A polilaminina é uma substância estudada há mais de 20 anos pela Universidade Federal do Rio de Janeiro (UFRJ). Trata-se de uma versão sintetizada em laboratório da laminina, proteína fundamental no desenvolvimento embrionário, responsável por auxiliar na conexão entre neurônios. A expectativa é que, aplicada diretamente no ponto da lesão medular, a substância estimule a formação de novas rotas nervosas, restaurando parte dos movimentos perdidos.

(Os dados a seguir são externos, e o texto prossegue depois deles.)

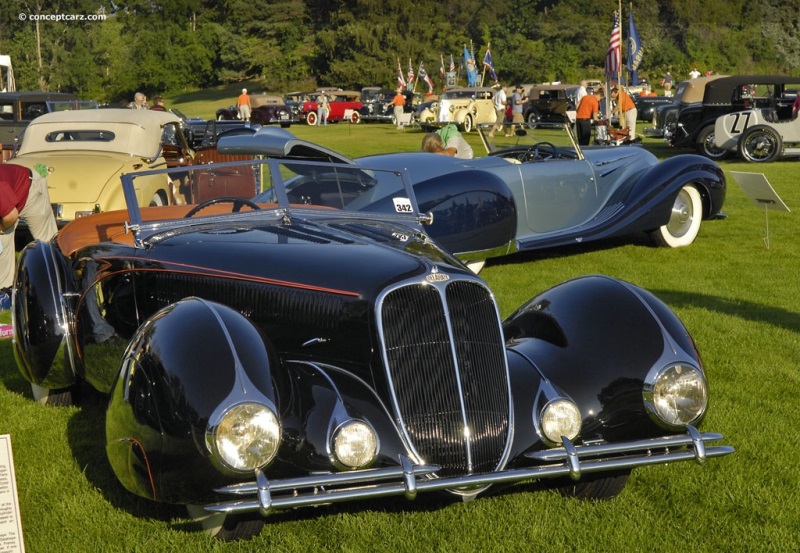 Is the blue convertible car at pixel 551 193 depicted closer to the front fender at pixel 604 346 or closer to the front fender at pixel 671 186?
the front fender at pixel 671 186

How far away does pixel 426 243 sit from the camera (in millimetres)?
4852

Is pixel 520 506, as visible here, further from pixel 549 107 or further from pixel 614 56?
pixel 549 107

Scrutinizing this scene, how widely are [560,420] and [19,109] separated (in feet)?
70.5

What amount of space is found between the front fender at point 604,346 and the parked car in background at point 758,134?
17.1m

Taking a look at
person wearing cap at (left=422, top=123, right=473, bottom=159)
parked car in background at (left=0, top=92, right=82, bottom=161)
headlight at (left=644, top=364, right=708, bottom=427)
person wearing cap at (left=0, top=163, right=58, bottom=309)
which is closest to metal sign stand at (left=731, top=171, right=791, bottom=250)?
person wearing cap at (left=422, top=123, right=473, bottom=159)

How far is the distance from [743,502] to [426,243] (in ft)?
6.42

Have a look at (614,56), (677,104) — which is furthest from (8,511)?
(614,56)

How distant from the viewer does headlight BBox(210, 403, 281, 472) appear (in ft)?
11.2

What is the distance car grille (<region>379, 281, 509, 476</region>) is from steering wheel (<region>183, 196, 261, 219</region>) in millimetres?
1645

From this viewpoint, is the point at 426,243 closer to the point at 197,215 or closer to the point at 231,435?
the point at 197,215

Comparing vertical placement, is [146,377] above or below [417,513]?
above

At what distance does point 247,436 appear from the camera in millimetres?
3445

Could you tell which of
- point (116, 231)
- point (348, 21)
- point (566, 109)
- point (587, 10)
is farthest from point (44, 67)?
point (116, 231)

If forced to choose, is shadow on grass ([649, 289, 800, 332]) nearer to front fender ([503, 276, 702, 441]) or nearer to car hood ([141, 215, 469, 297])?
front fender ([503, 276, 702, 441]) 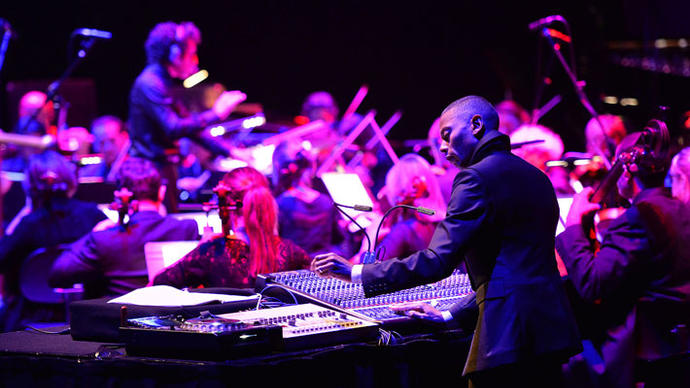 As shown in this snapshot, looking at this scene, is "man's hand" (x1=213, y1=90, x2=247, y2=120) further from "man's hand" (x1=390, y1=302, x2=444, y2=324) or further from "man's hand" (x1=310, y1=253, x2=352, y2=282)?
"man's hand" (x1=310, y1=253, x2=352, y2=282)

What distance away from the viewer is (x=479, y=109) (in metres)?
2.47

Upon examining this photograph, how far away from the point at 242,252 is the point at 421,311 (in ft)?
3.62

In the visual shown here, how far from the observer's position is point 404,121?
1001cm

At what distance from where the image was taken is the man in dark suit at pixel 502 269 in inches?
89.3

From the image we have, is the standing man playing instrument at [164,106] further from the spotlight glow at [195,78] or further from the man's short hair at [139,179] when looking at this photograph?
the spotlight glow at [195,78]

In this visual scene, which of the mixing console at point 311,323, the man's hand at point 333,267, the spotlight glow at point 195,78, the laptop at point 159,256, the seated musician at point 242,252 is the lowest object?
the spotlight glow at point 195,78

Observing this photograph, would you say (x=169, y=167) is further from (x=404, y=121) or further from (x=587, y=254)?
(x=404, y=121)

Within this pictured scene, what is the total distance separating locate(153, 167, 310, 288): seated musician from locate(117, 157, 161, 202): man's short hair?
774mm

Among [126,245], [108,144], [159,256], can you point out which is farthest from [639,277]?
[108,144]

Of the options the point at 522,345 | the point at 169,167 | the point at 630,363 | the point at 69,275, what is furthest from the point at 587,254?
the point at 169,167

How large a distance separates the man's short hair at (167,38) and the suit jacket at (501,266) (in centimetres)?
365

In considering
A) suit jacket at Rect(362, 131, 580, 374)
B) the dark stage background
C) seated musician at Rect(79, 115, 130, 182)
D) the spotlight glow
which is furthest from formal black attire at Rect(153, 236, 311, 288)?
the spotlight glow

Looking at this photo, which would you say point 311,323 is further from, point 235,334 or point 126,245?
point 126,245

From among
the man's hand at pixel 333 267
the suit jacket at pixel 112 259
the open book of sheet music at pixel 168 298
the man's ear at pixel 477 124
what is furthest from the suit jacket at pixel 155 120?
the man's ear at pixel 477 124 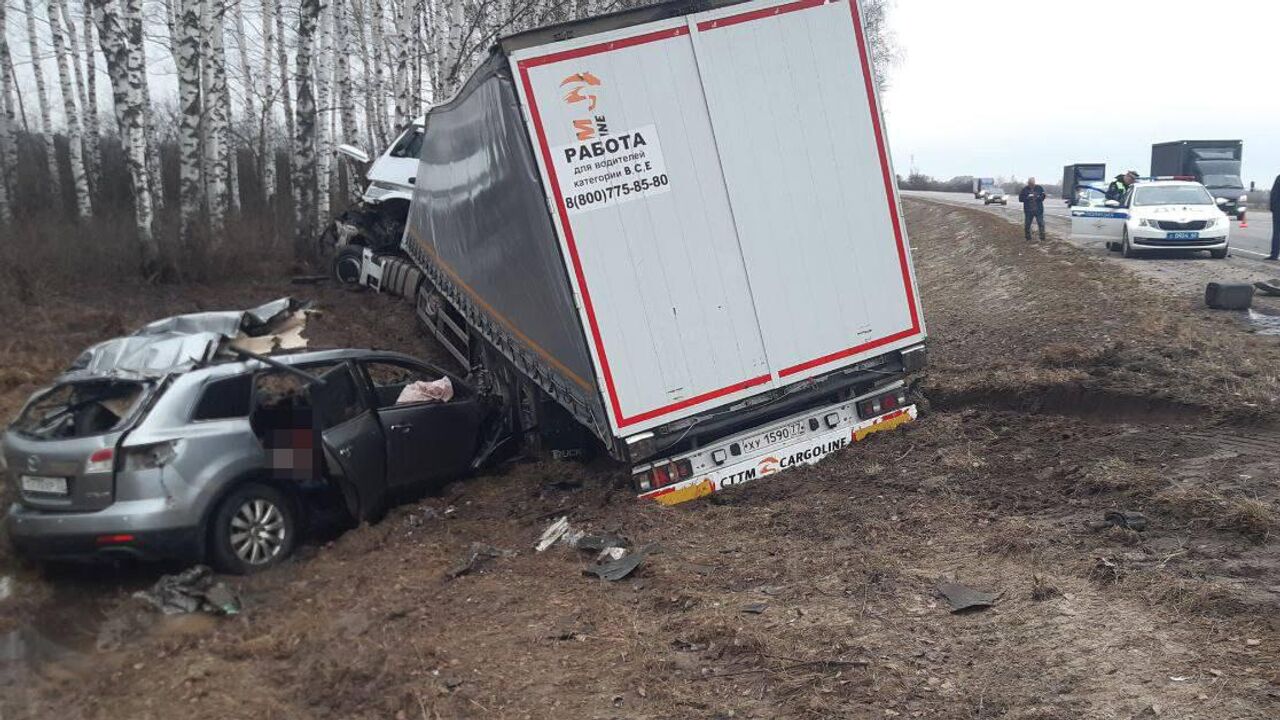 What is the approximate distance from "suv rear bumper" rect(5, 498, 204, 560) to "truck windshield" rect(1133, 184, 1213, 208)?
1772 centimetres

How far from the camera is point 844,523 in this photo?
21.6 feet

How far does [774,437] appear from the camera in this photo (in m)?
7.43

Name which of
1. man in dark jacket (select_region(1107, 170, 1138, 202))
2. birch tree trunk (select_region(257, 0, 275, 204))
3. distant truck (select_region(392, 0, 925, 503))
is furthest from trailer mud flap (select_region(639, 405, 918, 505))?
man in dark jacket (select_region(1107, 170, 1138, 202))

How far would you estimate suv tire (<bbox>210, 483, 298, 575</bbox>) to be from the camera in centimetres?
638

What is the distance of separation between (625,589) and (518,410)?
3710 mm

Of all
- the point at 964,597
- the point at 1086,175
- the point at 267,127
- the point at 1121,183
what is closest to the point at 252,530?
the point at 964,597

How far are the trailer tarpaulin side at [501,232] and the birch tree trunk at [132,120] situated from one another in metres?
4.99

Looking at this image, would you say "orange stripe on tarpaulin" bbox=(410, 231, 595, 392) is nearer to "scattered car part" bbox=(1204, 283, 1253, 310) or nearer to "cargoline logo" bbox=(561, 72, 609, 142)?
"cargoline logo" bbox=(561, 72, 609, 142)

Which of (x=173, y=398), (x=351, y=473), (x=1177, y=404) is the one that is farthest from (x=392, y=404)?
(x=1177, y=404)

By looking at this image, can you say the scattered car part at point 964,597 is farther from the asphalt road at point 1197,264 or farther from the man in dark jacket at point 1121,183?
the man in dark jacket at point 1121,183

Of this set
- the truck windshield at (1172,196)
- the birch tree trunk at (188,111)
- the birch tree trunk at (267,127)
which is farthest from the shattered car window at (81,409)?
the truck windshield at (1172,196)

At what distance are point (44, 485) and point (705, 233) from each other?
448cm

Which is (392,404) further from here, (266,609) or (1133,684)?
(1133,684)

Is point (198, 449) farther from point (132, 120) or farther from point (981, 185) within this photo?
point (981, 185) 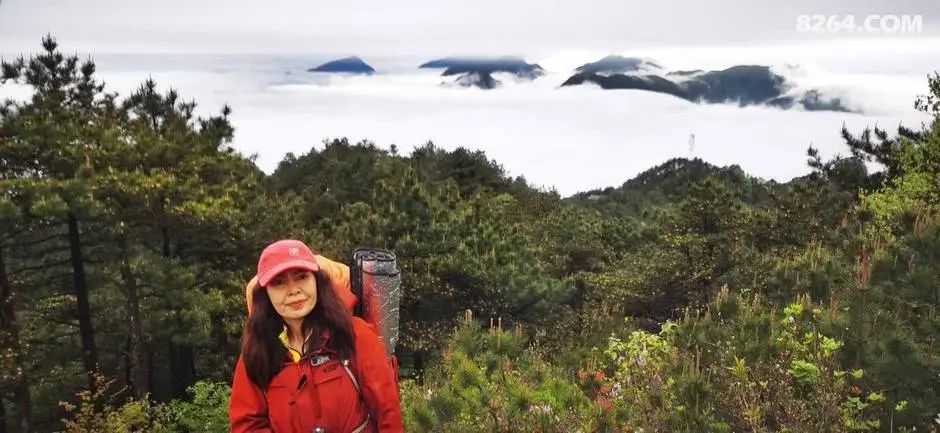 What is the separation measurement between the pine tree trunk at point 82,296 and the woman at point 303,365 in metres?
13.4

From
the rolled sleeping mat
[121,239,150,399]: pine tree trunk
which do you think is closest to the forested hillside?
[121,239,150,399]: pine tree trunk

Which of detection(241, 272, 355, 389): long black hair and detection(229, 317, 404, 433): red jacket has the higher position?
detection(241, 272, 355, 389): long black hair

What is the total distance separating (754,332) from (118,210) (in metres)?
14.1

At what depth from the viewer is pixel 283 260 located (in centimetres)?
277

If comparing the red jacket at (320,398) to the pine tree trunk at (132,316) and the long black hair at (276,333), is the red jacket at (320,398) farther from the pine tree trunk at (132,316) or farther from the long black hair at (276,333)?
the pine tree trunk at (132,316)

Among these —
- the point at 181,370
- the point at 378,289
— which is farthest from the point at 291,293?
the point at 181,370

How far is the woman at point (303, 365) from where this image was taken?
272 cm

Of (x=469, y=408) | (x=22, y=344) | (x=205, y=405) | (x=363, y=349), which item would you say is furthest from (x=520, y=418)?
(x=22, y=344)

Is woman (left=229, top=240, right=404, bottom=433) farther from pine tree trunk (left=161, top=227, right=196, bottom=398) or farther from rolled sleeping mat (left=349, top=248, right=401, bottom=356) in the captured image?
pine tree trunk (left=161, top=227, right=196, bottom=398)

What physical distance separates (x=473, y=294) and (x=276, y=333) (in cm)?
1579

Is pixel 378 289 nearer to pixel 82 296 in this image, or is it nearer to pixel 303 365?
pixel 303 365

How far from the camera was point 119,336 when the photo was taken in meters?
18.3

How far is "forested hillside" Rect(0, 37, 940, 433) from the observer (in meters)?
4.18

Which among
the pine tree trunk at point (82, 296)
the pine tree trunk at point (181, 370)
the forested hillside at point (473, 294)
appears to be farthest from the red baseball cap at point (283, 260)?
the pine tree trunk at point (181, 370) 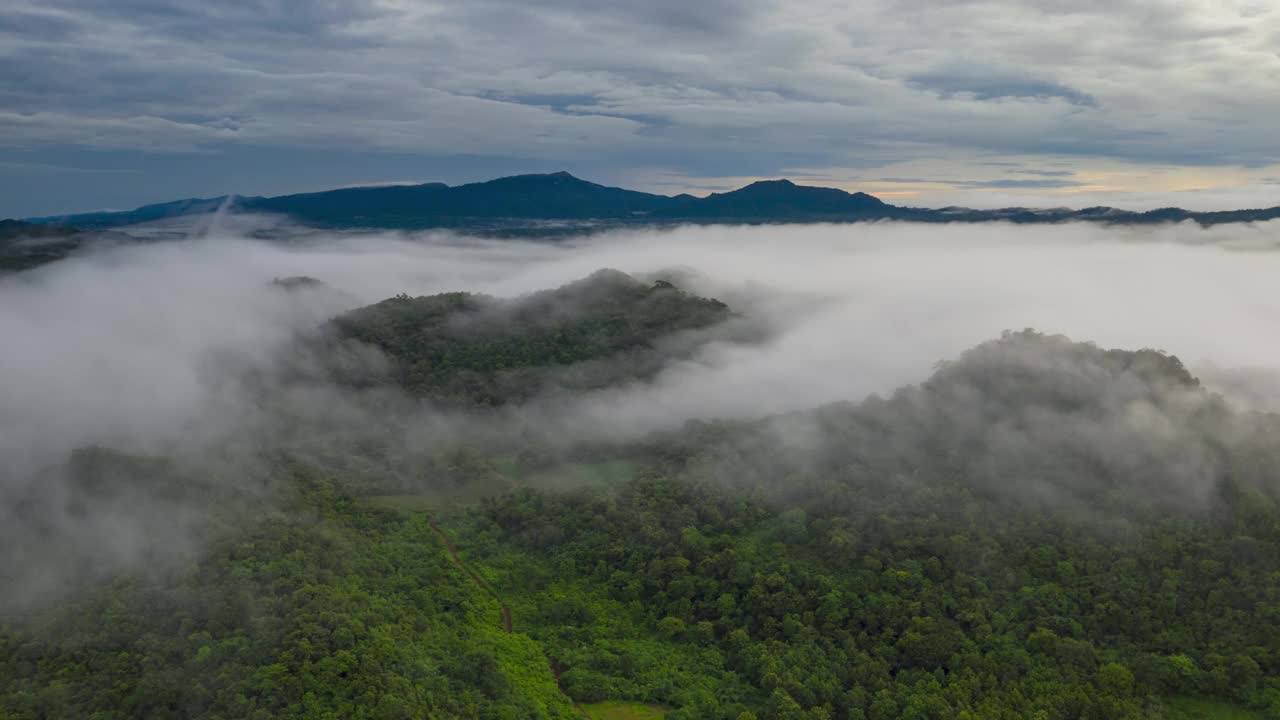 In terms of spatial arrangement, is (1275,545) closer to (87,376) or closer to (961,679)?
(961,679)

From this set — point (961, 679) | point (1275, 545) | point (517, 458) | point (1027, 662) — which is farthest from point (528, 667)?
point (1275, 545)

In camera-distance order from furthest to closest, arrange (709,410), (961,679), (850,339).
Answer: (850,339) → (709,410) → (961,679)

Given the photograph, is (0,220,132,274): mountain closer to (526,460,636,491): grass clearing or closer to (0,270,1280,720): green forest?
(0,270,1280,720): green forest

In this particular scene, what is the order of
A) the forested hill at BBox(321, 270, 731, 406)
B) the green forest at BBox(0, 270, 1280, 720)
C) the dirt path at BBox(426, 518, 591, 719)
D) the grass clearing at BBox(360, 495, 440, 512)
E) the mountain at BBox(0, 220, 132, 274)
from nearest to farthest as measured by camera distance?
1. the green forest at BBox(0, 270, 1280, 720)
2. the dirt path at BBox(426, 518, 591, 719)
3. the grass clearing at BBox(360, 495, 440, 512)
4. the forested hill at BBox(321, 270, 731, 406)
5. the mountain at BBox(0, 220, 132, 274)

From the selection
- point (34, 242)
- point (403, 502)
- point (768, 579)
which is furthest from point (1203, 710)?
point (34, 242)

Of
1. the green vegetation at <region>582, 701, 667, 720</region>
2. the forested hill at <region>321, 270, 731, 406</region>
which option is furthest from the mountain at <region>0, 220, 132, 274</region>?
the green vegetation at <region>582, 701, 667, 720</region>

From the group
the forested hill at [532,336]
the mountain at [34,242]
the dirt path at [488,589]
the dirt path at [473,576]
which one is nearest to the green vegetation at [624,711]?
the dirt path at [488,589]

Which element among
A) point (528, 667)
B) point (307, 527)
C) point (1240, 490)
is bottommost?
point (528, 667) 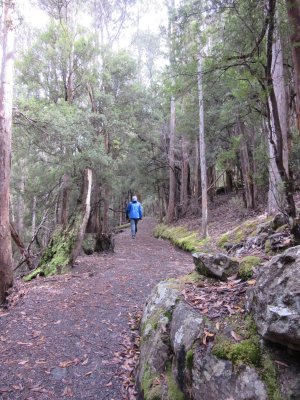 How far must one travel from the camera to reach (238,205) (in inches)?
571

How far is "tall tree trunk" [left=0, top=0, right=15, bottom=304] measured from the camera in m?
6.25

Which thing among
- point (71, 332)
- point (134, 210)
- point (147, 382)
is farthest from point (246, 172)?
point (147, 382)

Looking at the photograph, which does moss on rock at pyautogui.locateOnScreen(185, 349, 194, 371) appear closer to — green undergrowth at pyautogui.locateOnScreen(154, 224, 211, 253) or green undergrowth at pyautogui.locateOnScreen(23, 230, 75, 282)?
green undergrowth at pyautogui.locateOnScreen(23, 230, 75, 282)

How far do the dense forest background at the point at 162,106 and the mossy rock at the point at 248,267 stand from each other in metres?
0.73

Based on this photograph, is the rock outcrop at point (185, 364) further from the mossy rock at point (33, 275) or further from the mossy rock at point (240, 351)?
the mossy rock at point (33, 275)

Resultados recentes em cães demonstram avanços promissores. Um estudo publicado em agosto na revista Frontiers in Veterinary Science avaliou seis cães paraplégicos, que permaneciam incapazes de andar mesmo após cirurgia e meses de fisioterapia, alguns há anos sem mobilidade. Após a aplicação da polilaminina na medula, quatro animais conseguiram retomar passos e melhorar a firmeza da marcha, enquanto dois tiveram progresso mais discreto. O acompanhamento durou seis meses, e não foram registrados efeitos colaterais graves, com exceção de um caso de diarreia sem relação comprovada com a substância.

Além dos testes em animais, pequenos grupos de voluntários brasileiros receberam a polilaminina em protocolos experimentais. Alguns participantes, que haviam perdido totalmente os movimentos abaixo da lesão, recuperaram parte da mobilidade, variando de pequenos movimentos a ganhos mais expressivos, como controle do tronco e passos com auxílio. Contudo, o número de voluntários é limitado — apenas oito — e os cientistas alertam que os resultados precisam ser confirmados em estudos maiores e controlados.

Segundo a Agência Nacional de Vigilância Sanitária (Anvisa), ainda não há pedido de aprovação da polilaminina para uso clínico. O que está em análise é a proposta de ensaio clínico regulatório. “A empresa responsável precisa complementar as informações de segurança antes que os testes em humanos, dentro das regras regulatórias, possam começar”, informou a agência. Até o momento, os dados disponíveis referem-se à fase não clínica, incluindo estudos laboratoriais e testes em animais.

Para que o tratamento se torne acessível em hospitais e no Sistema Único de Saúde (SUS), será necessário concluir os estudos pré-clínicos, comprovar segurança em animais, iniciar ensaios clínicos regulatórios em humanos (começando pela fase 1), ampliar os testes nas fases 2 e 3 para avaliar eficácia e doses adequadas, e, por fim, solicitar o registro sanitário. Este processo rigoroso pode levar anos.

Apesar do caminho longo, os avanços observados em animais e nos primeiros voluntários indicam potencial promissor. A polilaminina continua sendo uma das pesquisas mais relevantes na área de regeneração da medula espinhal, oferecendo esperança em um campo ainda sem solução definitiva.